Measuring the true impact of learning is a challenge and one that has long been constrained to feedback from happy sheets and the like. Rushed, tick-box learner feedback, hours spent training, and completion rates have dominated L&D’s metrics for years.
If your ambition is to have a busy learning function that churns out satisfied learners, then great. That’s not the real purpose of training though, is it?
Thankfully, not everyone does it this way. L&D teams that are considered strategic partners align closely with the business to truly understand—and report on—the metrics that matter. They understand business goals and proactively design learning to measure business KPIs that indicate behavior change.
So, what can we can we learn from the traits of the trailblazers?
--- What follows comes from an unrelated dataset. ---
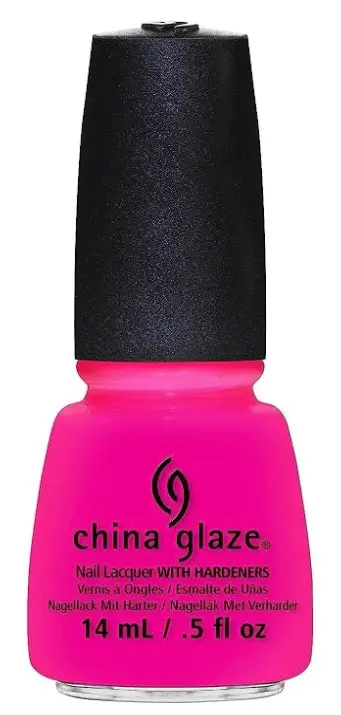 China Glaze Heat Index 14 Ml - view 1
How did we reach these conclusions?
Our working group of highly experienced industry professionals includes measurement practitioners, data experts, a former CLO, LTG’s chief strategy officer, and more. Our annual Measuring the Business Impact of Learning survey has accumulated 7 years of data, and last year we added one particularly powerful new question.
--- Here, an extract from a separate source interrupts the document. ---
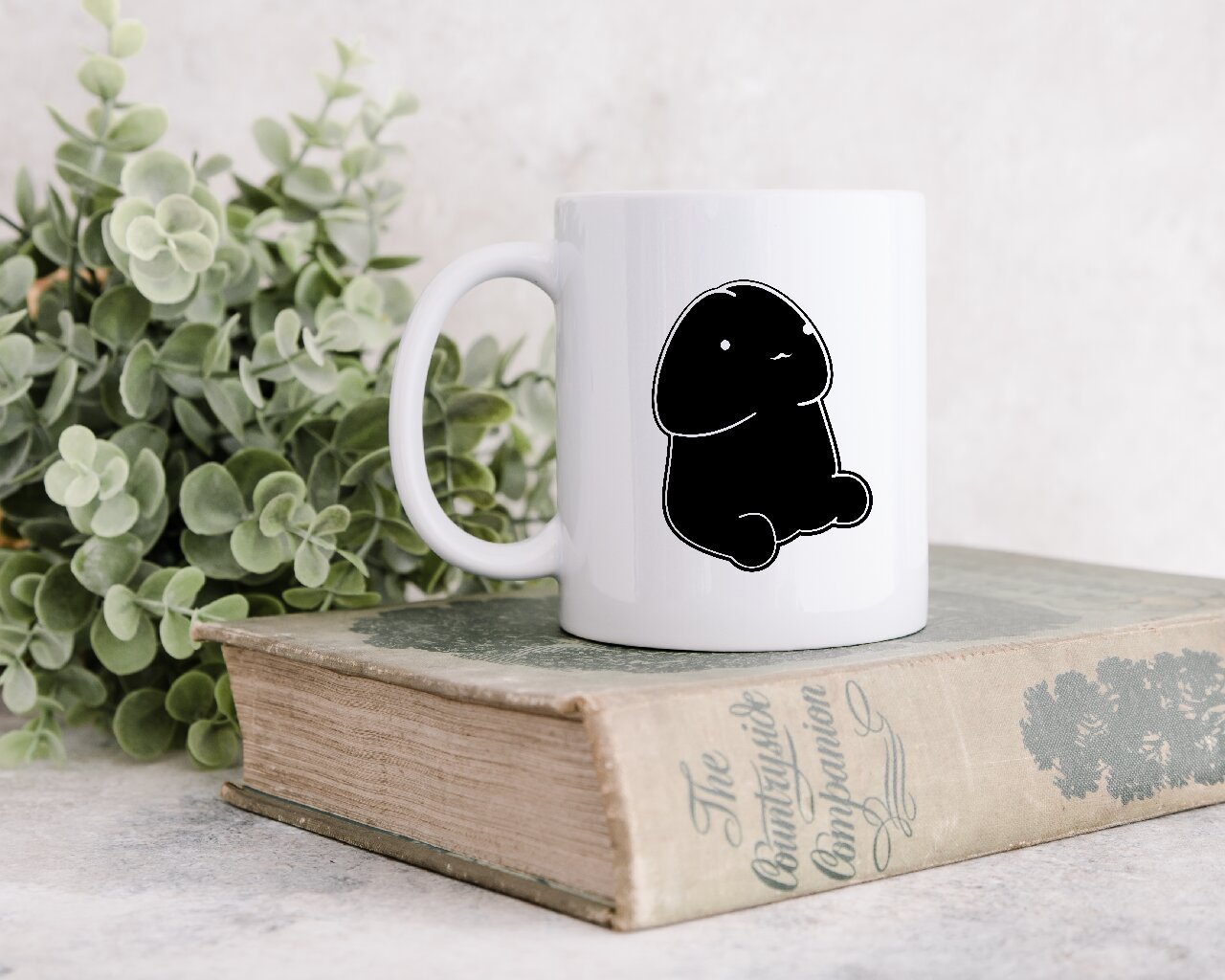 Dick Kid Filled - 15oz/425ml Coffee Mug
We asked how the L&D function was perceived, scaling from Strategic Partner to Shared Services. The fun bit came when we used this question as a control—to see how the rest of the questions (a.k.a. core measurement traits and practices) were answered when we compared the two ends of the scales.
Almost all of the questions showed a difference in approach between those at the cutting edge (Strategic Partners) and those yet to adopt an effective measurement approach (Shared Services).
Many of our theories about best practices were confirmed—much to the delight of our group. Backing up experience and intuition with quantitative data has obvious parallels with the very measurement best practices we are writing about.
So, here are the results that stand out, the traits of the trailblazers. We hope this inspires you to drive forward on your own measurement journey.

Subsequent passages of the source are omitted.